The 11 studies that met the criteria for inclusion varied significantly in alert triggers and study outcomes. Nine studies used an alert discouraging CDI testing when the patient had recent laxative use, 7 used an alert discouraging CDI testing with lack of clinical indication for testing, and 6 used an alert discouraging CDI testing when the patient had recent CDI testing; 11 articles studied the number of tests ordered, 6 studied the number of appropriate tests, and 7 studied the CDI rate.

Six of the 11 studies demonstrated a statistically significant decrease in CDI testing volume, 6 of 6 studies evaluating appropriateness of CDI testing found a significant reduction in the proportion of inappropriate testing, and 4 of 7 studies measuring CDI rate demonstrated a significant decrease in the CDI rate in the post- vs pre-intervention periods. The magnitude of the increase in appropriate CDI testing varied, with some studies reporting an increase with minimal clinical significance.

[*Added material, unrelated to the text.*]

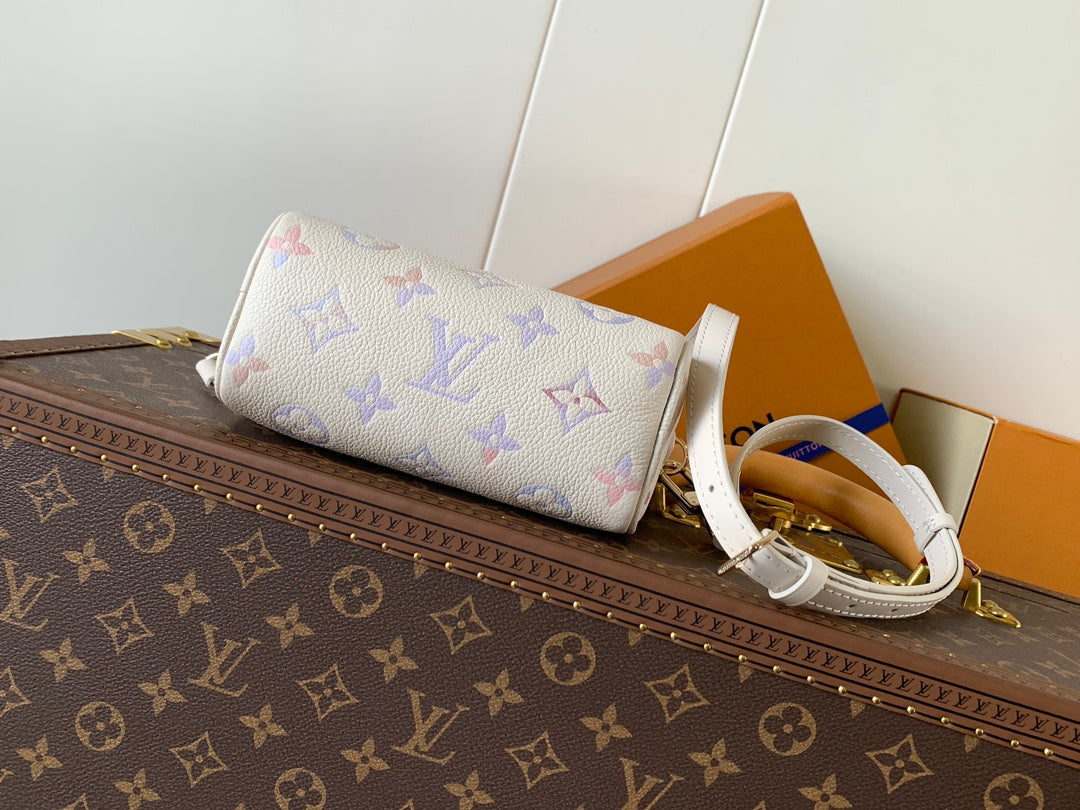LV 25s Nano Speedy 16cm Dream Monogram Embossed Cowhide- Light GHW mysite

The authors of the review note that, while alert-based interventions appeared to be largely successful in achieving the desired changes, most studies included multiple co-interventions, and none were randomized. In addition, they point out that unintended adverse consequences, such as underdiagnosis or delayed diagnosis of CDI, and alert fatigue—in which physicians have trouble distinguishing between clinically meaningful and non-meaningful alerts—remain understudied.